The first person caring for an injured hand may determine its ultimate usefulness. Following injury, the hand is particularly susceptible to complications that may lead to serious disability.


  • Time and place of accident
  • Agent and mechanism of injury
  • Amount and type of first-aid given
  • Right- or left-hand dominance
  • Occupation
  • Age


A thorough examination of all motor, sensory and vascular components of the hand will yield an accurate diagnosis and aid in th correct treatment. The contralateral hand (if uninjured) may serve as control and should be examined.


  • Position of fingers
  • Sweating patterns
  • Anatomic structures that the injury overlies


  • Use a needle and a light cotton swab to measure sharp and dull sensitivity and a paper clip to measure two-point discrimination.
  • Test all sensory areas (median, ulnar, radial)

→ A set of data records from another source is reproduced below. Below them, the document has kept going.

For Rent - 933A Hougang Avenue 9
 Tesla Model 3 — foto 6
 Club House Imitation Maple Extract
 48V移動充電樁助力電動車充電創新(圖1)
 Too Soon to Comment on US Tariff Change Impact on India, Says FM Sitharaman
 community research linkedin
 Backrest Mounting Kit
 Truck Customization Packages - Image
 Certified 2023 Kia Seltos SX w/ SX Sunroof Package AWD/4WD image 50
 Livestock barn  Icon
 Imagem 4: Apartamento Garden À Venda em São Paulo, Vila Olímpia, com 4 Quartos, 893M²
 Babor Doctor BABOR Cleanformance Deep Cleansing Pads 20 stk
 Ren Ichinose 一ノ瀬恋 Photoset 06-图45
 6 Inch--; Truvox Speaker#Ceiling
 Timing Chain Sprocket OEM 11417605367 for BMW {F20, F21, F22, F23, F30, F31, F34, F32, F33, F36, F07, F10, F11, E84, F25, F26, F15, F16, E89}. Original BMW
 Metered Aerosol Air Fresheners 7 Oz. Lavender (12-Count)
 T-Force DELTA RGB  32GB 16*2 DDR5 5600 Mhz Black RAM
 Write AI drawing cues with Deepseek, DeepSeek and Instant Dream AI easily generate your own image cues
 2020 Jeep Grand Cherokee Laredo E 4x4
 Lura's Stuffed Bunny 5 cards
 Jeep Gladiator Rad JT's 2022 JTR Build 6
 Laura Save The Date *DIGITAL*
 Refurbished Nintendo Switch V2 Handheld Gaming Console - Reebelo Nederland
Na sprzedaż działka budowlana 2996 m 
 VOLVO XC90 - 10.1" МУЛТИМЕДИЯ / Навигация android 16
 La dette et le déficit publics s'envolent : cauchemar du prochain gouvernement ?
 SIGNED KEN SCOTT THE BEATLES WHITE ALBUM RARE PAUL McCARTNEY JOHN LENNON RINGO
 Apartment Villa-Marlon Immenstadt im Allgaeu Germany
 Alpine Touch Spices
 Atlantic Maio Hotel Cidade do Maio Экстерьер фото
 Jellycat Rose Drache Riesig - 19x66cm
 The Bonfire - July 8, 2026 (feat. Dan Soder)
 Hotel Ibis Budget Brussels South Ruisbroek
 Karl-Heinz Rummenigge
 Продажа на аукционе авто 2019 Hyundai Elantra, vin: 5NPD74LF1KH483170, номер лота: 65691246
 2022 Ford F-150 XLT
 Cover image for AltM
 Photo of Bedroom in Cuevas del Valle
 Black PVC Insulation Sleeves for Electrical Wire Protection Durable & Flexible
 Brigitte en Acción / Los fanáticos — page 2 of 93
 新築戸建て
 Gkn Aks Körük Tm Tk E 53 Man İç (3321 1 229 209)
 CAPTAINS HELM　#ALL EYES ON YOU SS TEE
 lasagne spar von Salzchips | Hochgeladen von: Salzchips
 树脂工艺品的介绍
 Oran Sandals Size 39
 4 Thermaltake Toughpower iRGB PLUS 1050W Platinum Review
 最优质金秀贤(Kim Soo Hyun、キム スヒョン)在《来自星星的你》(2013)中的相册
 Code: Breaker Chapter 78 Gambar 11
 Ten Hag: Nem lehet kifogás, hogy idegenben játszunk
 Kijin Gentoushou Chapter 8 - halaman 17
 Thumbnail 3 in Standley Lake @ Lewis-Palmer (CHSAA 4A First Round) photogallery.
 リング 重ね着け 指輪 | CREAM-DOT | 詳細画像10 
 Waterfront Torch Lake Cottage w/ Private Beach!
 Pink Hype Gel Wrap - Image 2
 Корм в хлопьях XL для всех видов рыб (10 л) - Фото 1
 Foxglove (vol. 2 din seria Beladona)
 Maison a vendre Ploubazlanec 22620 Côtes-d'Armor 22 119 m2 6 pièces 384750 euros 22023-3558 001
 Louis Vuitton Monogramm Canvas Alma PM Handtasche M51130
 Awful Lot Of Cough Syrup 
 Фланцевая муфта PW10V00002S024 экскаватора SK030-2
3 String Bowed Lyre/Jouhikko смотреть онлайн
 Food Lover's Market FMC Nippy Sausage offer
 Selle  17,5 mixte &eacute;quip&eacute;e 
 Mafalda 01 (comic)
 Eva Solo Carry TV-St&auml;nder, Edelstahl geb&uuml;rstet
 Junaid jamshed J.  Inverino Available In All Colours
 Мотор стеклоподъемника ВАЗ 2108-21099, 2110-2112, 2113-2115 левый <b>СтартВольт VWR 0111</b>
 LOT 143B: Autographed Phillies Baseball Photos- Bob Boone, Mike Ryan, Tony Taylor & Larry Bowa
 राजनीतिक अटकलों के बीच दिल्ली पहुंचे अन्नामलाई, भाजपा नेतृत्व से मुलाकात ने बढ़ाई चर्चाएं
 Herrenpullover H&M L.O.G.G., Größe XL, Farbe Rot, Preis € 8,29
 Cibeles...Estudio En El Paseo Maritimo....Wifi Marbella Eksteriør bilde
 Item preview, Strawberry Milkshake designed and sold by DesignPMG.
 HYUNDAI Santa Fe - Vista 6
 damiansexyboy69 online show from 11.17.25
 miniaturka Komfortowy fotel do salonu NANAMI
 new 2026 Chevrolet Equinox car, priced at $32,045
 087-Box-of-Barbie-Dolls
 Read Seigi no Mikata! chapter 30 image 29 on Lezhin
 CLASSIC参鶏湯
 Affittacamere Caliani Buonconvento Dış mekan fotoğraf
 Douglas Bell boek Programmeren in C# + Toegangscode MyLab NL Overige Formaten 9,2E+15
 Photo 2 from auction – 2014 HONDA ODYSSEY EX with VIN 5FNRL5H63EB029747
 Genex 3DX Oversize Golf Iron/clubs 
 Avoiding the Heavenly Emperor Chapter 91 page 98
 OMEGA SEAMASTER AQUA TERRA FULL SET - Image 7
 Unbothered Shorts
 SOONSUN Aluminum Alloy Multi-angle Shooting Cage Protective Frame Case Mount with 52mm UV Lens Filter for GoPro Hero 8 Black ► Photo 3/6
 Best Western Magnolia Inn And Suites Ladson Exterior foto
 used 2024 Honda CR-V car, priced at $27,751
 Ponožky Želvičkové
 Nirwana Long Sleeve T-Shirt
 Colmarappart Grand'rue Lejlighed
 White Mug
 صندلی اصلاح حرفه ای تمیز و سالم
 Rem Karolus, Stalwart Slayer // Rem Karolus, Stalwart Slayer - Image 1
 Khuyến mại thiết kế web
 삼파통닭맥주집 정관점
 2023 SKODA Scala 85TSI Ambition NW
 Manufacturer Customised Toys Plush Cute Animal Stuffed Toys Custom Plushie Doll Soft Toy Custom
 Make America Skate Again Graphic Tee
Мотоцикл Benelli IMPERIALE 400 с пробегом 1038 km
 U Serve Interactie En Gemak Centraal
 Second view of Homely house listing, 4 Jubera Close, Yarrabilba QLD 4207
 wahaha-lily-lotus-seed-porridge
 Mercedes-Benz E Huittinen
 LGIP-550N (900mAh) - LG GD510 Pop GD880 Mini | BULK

  • Test both sides of each finger.
  • Test prior to anesthesia administration – especially local anesthesia in emergency room – for accurate diagnosis.
  • Record areas of decreased or absent sensation; diagram on chart.
  • Observe and test for areas of abnormal sweating indicative of nerve damage.


Stabilize PIP joint in extension and ask patient to flex fingertip.
Superficialis (sublimis)
Stabilize other fingers in extension (this neutralizes profundus action)--ask patient to flex finger at PIP.
Motor branch of the median nerve
Test palmar abduction of thumb against resistance and palpate muscle belly of abductor pollicis brevis.
Motor branch of the ulnar nerve
Ask patient to extend fingers completely and spread them apart.
Test abduction of index and/or little finger against resistance and palpate appropriate muscle belly.
Extensor tendons
Extension at MP joints by long extensors (radial nerve)
Extension at PIP and DIP joints by intrinsic muscles (ulnar or median nerve)


Nail appears pink, blanches with pressure, demonstrates good capillary refill – if longer than one second, blood supply may be compromised.
The temperature of the finger to be examined should be comparable to that of other non-injured digits.
Pulp space should be full with absence of wrinkles.

Early Care

Use pneumatic tourniquet or BP cuff on upper arm to control bleeding for examination and/or treatment.
Inflate to 250-300 mmHg.
Awake patient will tolerate tourniquet about 30 minutes. Forearm tourniquet may be adequate and better tolerated.
If bleeding is a problem, apply direct pressure with snug dressing and elevate extremity.
Don't clamp vessels with hemostat.
Tourniquet may be used as a last resort, but should be released intermittently.
Reduce to safe position, splint and elevate during transfer.
Prevents vessel obstruction.
Prevents proximal tendon retraction.
Maintains optimum bone fragment position.
All flexor tendon, nerve and vascular injuries, open fractures, and complex injuries should be cared for in the operating room.
Administer tetanus prophylaxis as indicated. Antibiotic coverage, if indicated, may be started.

Definite Treatment

Thoroughly cleanse entire hand and forearm around the wound, with the wound protected.
Clean and trim fingernails.
Soap-and-water-scrub skin.
Don't put soap or other irritating agents in the wound.
Apply sterile drapes.
Inspect wound with adequate exposure.
Use tourniquet or BP cuff on upper extremity. Remember to deflate cuff after 90-120 minutes.
Additional incisions, if needed, should closely parallel natural creases.
Thoroughly irrigate wound withnormal saline.
Assure hemostasis.
Take extreme care to avoid injury to nerves or blood vessels. Cauterization should be avoided to prevent such damage. If bleeding cannot be controlled using general pressure and elevation, referral to a hand surgeon is appropriate.
Tendons are repaired primarily except in special instances (e.g., a human bite).
A flexor tendon cut in "no man's land" (between the distal palmar crease and the middle of the middle phalanx) should be repaired primarily by a trained hand surgeon.
If a hand surgeon is too far away for primary repair, cleanse and close the wound and splint the hand, then refer as soon as possible for delayed primary tendon repair. Antibiotic coverage is indicated.
Fractures and dislocations
Fractures and dislocations requiring internal fixation (e.g., pins, plates, screws) should be referred to a hand surgeon
Postoperative dressing
Apply protective dressing, immobilizing only that part of the hand necessary for healing of the wound.
Splint with fingers and wrist in safe position when possible. Alternative positioning may be necessary to protect tendon or nerve repair.
Dressing should not apply pressure.
Hematoma is prevented by thesurgeon, not by the use of a tight dressing.
Edema is controlled by elevation, not by pressure.